Not to honor men of excellence will keep the people from contention; not to value goods that are hard to come by will keep the people from theft; not to display what is desirable will keep the people from being unsettled.
Hence in his rule, the sage empties their minds but fills their bellies, weakens their purpose but strengthens their bones.
He constantly keeps the people innocent of knowledge and free from desire, and causes the clever not to dare.
He simply takes no action and everything is in order.
The most merciful thing in the world, I think, is the inability of the human mind to correlate all its contents. We live on a placid island of ignorance in the midst of black seas of infinity, and it was not meant that we should voyage far. The sciences, each straining in its own direction, have hitherto harmed us little; but some day the piecing together of dissociated knowledge will open up such terrifying vistas of reality, and of our frightful position therein, that we shall either go mad from the revelation or flee from the light into the peace and safety of a new dark age.
For some reason it bothers me that after all this time Coberst is just any other socialist. Up until now I was fairly confident that all his ideas were meant to be considered in a bubble that is removed from the real world.
But as to socialism, no I’m sorry but if you want to live like primitive man, be my guest.
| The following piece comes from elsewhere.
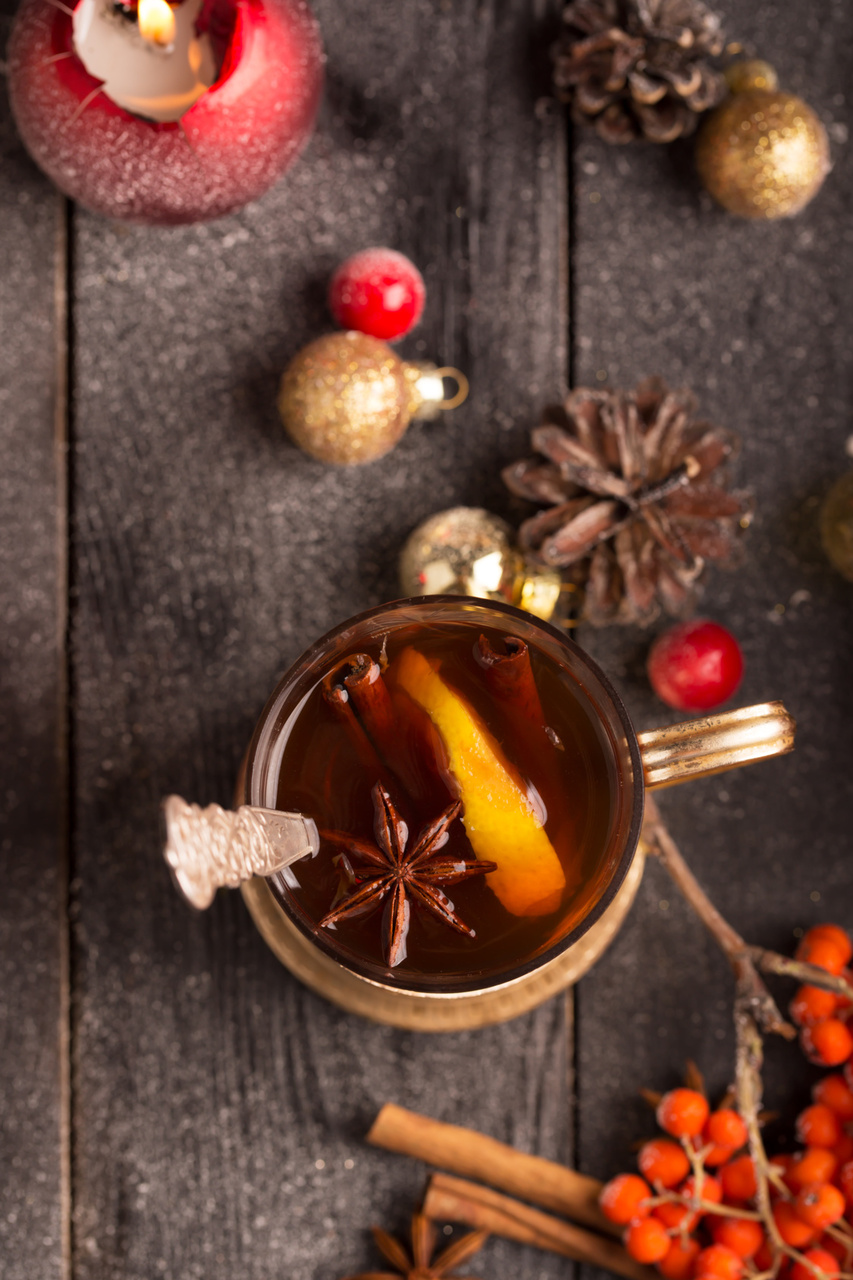 Easy Crock Pot Mulled Wine Recipe. Perfect as a signature cocktail for a cookie exchange party.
Personally I’d rather live in a time and place where the profit motive leads people to naturally try and come up with ways to reduce the number of stillbirths from ~27 per 1000 to ~5, or child mortality rates from ~63 to ~6. I’d rather live someplace where I have the luxury of plentiful food, massive public libraries, the internet, and all the other things that allow me to sit around and pontificate about how to make the world a better place.
Thomas Jefferson and Jesus were both fans of the individual farmer supporting himself, his family, and his community, but if you look at the statistics of the results of places that are like that, you’ll find that people who don’t live like that are happier and in general kinder and more well-learned.
FWIW, I partially agree. I reckon that some norms of “a capitalist economy” are learned & dictated, but others arise spontaneously from the behavior of self-interested individuals without custom & education to limit them & with a strong tendency to innovate self-interest.
That is, capitalism is sort of “state of nature” (really a deformed pseudo-nature as per the Libertarian Socialist critique that property requires law & authority) but not the historical state of primitive man. It appears due to the defiance or transcendence of traditional norms.
Like the Matador those corporate leaders who control our behaviour do not wish us to see them in action and thus we only see the red cape fluttering in the breeze. To go beyond seeing the cape we must learn how to be Critical Thinkers.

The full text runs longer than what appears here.